Memudarnya batas-batas konseptual mengenai potensi makna terutama terjadi karena berubahnya pola-pola distribusi film. Kini film tidak dapat secara tegas dipisahkan dari platform media lainnya.
Penerapan siaran televisi digital dan pesatnya kepemilikan ‘home cinema‘ atau ‘home theater‘ misalnya, telah meneguhkan suatu pengalaman kultural baru yang memperluas potensi pemaknaan media audiovisual dari bahasa audiovisual untuk mengkonsumsinya. Perkembangan teknologi baru dalam sinyal broadband, yang segera akan melengkapi konvergensi komputer dan televisi (juga film sebagai kontennya) akan menciptakan platform baru home entertainment (Dewdney & Ride, 2006: 42).

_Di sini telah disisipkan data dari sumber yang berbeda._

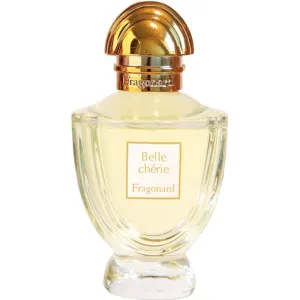 Belle Cherie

Dalam situasi ini akan tumbuh ritual baru konsumsi media audiovisual (misalnya dengan sistem berlangganan, sistem pay-as-you-go, film/video-on-demand). Kultur dan ritual konsumsi media audiovisual yang berubah ini telah menuntut bahasa audiovisual yang berbeda pula untuk memahaminya, sehingga pada gilirannya juga membuka batas-batas bagi potensi makna dari produk media audiovisual.

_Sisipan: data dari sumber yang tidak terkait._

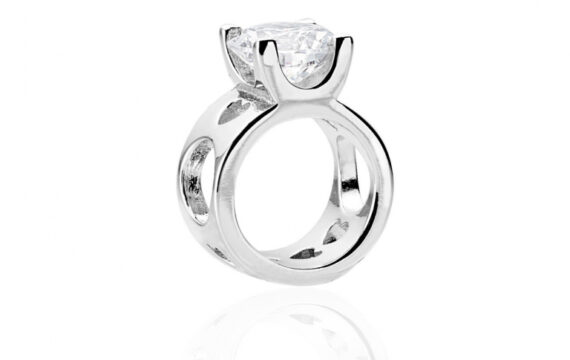 Conta SMW Noivado 1SMW879.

Hybrid practices terjadi ketika orang menggunakan media audiovisual secara interaktif sebagai konsekuensi dari konvergensi media. Kondisi ini jauh berbeda dibanding ketika film diputar di bioskop misalnya. Dalam bioskop ini penonton dikondisikan secara fisiologis dan psikologis untuk menerima informasi dari bahasa audiovisual yang searah.
Sebaliknya dalam penggunaan media secara interaktif, orang mengendalikan apa yang hendak dikonsumsi melalui fasilitas navigasi yang disediakan (komputer, televisi, internet). Dalam kasus seperti ini tentunya diperlukan bahasa audiovisual yang berbeda lagi untuk menarik dan mengikat perhatian orang, karena kendali dalam proses pemahaman tidak lagi ada pada media seperti ketika dipertontonkan di dalam gedung bioskop.